SUPPLIED MATERIAL Block Start
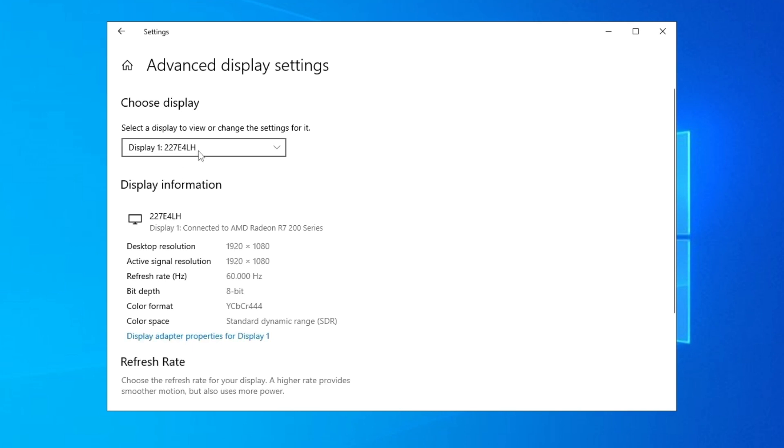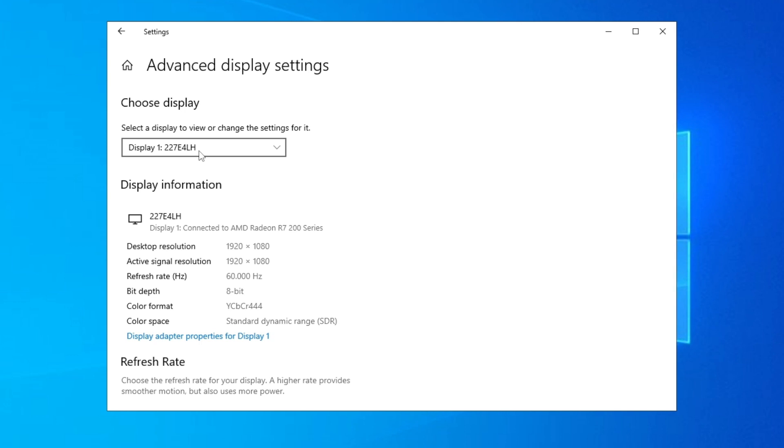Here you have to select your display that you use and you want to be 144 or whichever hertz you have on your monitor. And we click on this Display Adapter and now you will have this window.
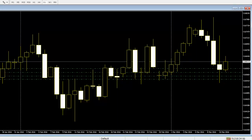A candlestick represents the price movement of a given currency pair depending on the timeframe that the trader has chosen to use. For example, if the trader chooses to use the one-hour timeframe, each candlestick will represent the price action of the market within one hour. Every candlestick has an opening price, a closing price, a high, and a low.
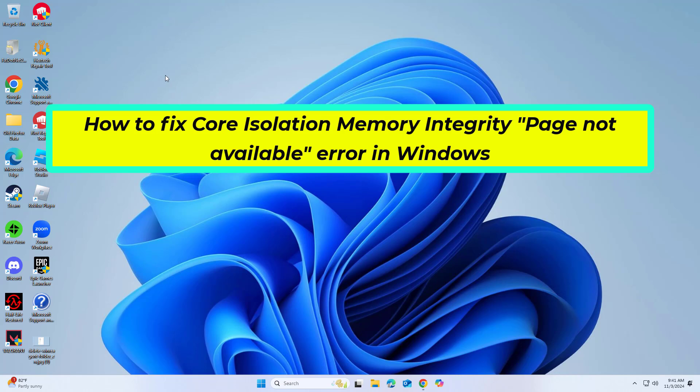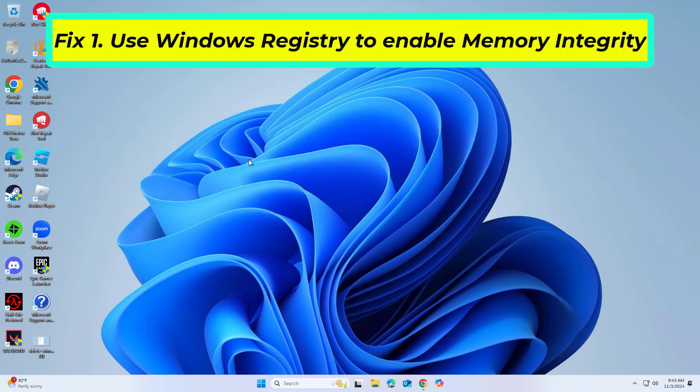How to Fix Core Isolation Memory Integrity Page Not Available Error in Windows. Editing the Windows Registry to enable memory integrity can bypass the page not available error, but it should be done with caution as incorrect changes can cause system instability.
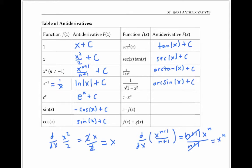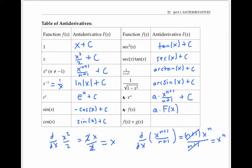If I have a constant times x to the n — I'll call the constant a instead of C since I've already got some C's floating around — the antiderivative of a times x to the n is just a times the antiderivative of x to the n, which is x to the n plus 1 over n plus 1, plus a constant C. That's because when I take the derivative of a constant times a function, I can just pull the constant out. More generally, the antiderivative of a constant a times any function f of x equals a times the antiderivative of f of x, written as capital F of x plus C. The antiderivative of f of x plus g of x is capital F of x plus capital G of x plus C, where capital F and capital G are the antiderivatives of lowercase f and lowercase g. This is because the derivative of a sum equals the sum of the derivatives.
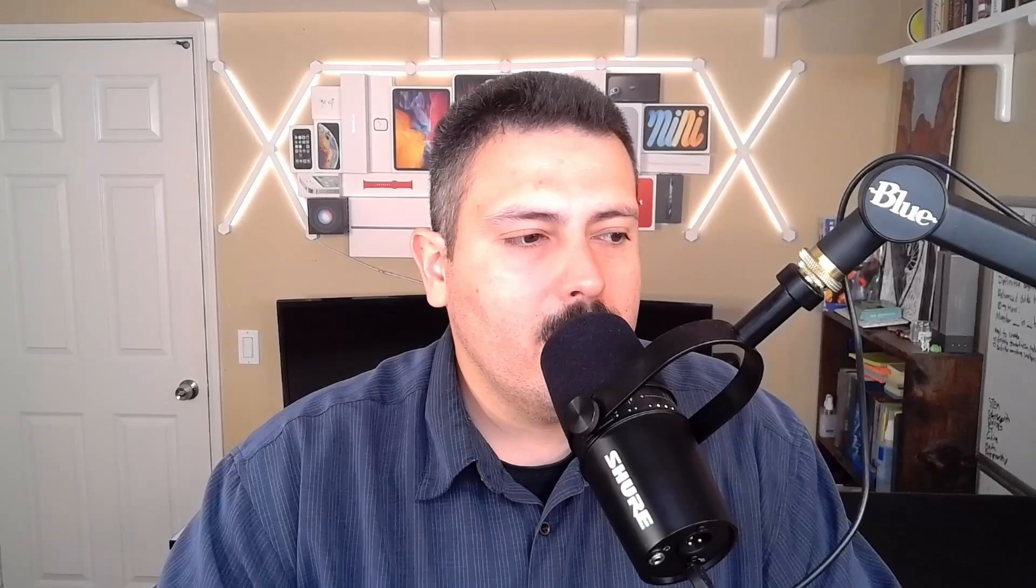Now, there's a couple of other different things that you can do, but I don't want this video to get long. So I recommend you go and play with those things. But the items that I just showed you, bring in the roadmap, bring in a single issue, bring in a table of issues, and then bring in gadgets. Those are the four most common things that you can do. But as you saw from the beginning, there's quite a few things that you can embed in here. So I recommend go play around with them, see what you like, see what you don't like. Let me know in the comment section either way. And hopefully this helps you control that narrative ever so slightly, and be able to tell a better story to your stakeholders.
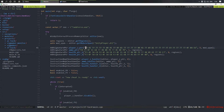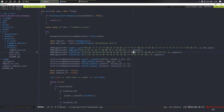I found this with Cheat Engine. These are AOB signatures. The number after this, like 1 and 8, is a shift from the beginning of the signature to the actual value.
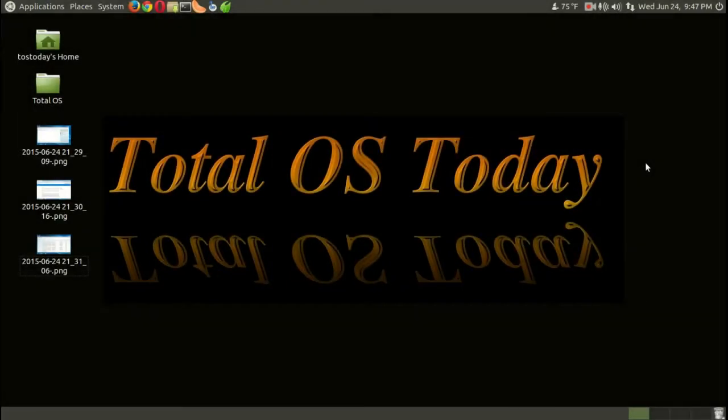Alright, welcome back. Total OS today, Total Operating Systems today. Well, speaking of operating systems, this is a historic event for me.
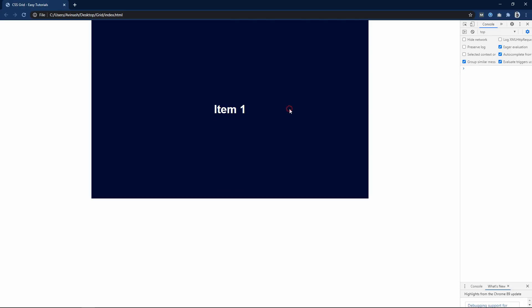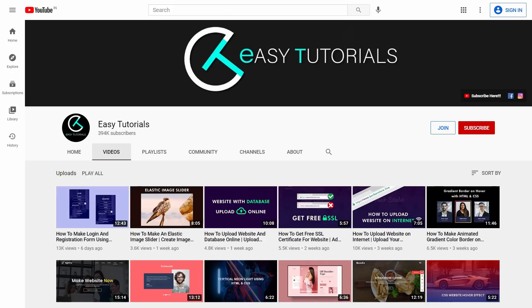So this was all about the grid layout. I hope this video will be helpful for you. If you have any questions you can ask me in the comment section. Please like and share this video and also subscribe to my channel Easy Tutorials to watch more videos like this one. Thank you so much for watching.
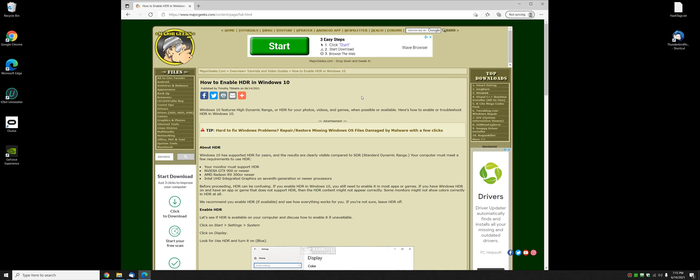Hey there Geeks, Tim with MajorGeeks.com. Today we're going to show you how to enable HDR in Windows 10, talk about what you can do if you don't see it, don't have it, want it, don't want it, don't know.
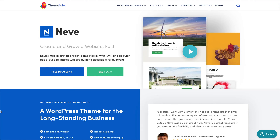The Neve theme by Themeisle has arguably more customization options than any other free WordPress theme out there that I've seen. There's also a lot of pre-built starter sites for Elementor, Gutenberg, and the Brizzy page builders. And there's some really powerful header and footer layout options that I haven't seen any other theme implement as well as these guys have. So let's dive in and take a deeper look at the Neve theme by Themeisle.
SUPPLIED MATERIAL Block End
**ASSIGNED TASK**
Return, unchanged, the lines from the first line of the material through the line that holds "A candlestick represents", inclusive, omitting pictures.

**EXERCISE RESULT**
Here you have to select your display that you use and you want to be 144 or whichever hertz you have on your monitor. And we click on this Display Adapter and now you will have this window.
A candlestick represents the price movement of a given currency pair depending on the timeframe that the trader has chosen to use. For example, if the trader chooses to use the one-hour timeframe, each candlestick will represent the price action of the market within one hour. Every candlestick has an opening price, a closing price, a high, and a low.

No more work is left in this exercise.